= WHAT TO WORK ON =
Pictures in the records below must be left out. Return exactly the lines from the line with "Память DIMM DDR5" to the line with "Мережевий подовжувач PowerPlant", both included.

= EXERCISE DATA =
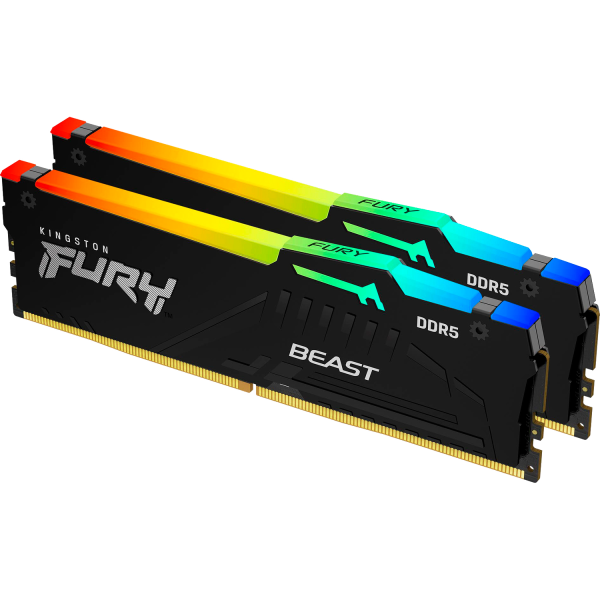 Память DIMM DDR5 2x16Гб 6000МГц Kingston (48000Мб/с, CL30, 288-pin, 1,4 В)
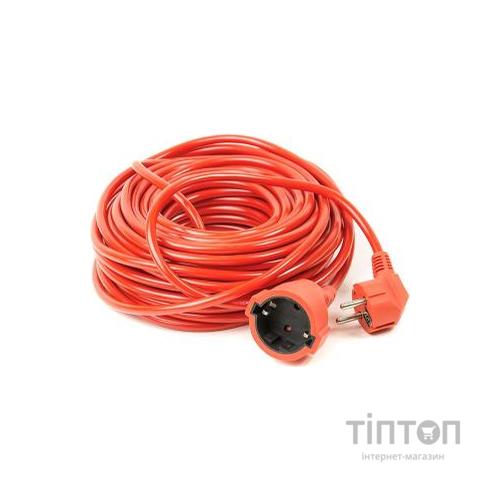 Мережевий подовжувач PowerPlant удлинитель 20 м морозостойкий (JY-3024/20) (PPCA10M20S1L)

---

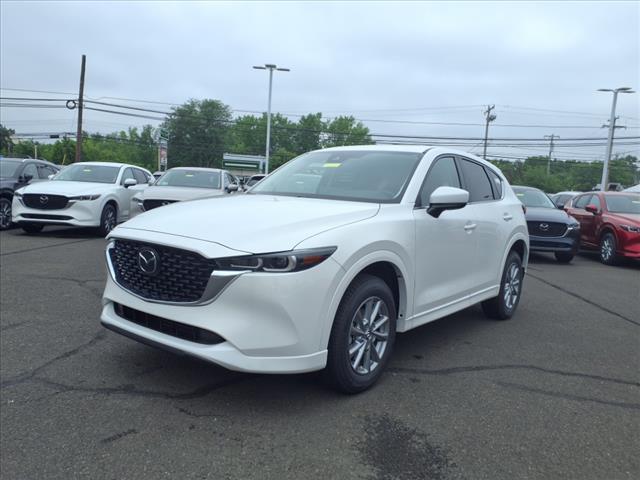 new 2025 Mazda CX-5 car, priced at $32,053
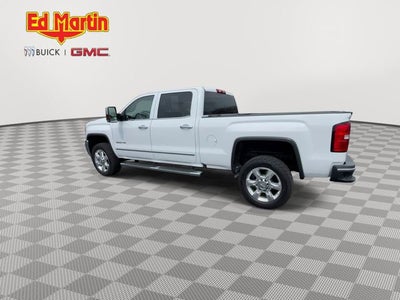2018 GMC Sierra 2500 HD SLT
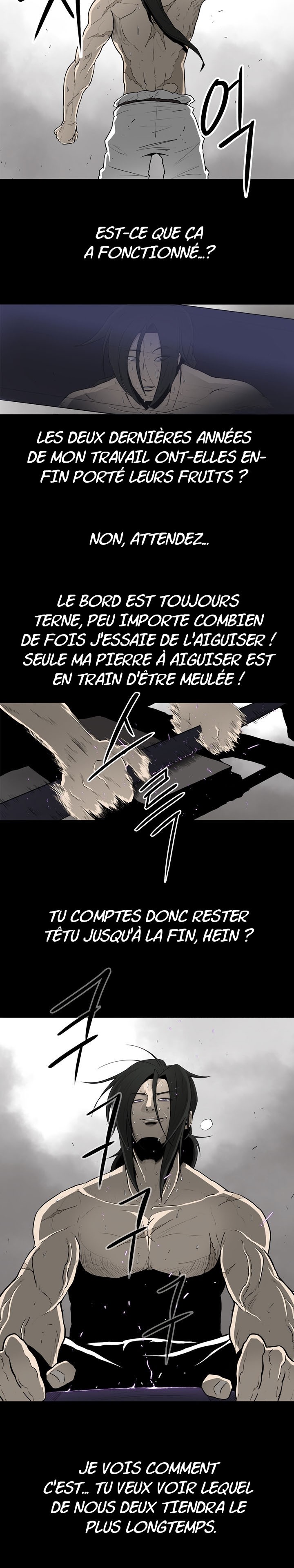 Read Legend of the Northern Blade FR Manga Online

= ANSWER =
 Память DIMM DDR5 2x16Гб 6000МГц Kingston (48000Мб/с, CL30, 288-pin, 1,4 В)
 Мережевий подовжувач PowerPlant удлинитель 20 м морозостойкий (JY-3024/20) (PPCA10M20S1L)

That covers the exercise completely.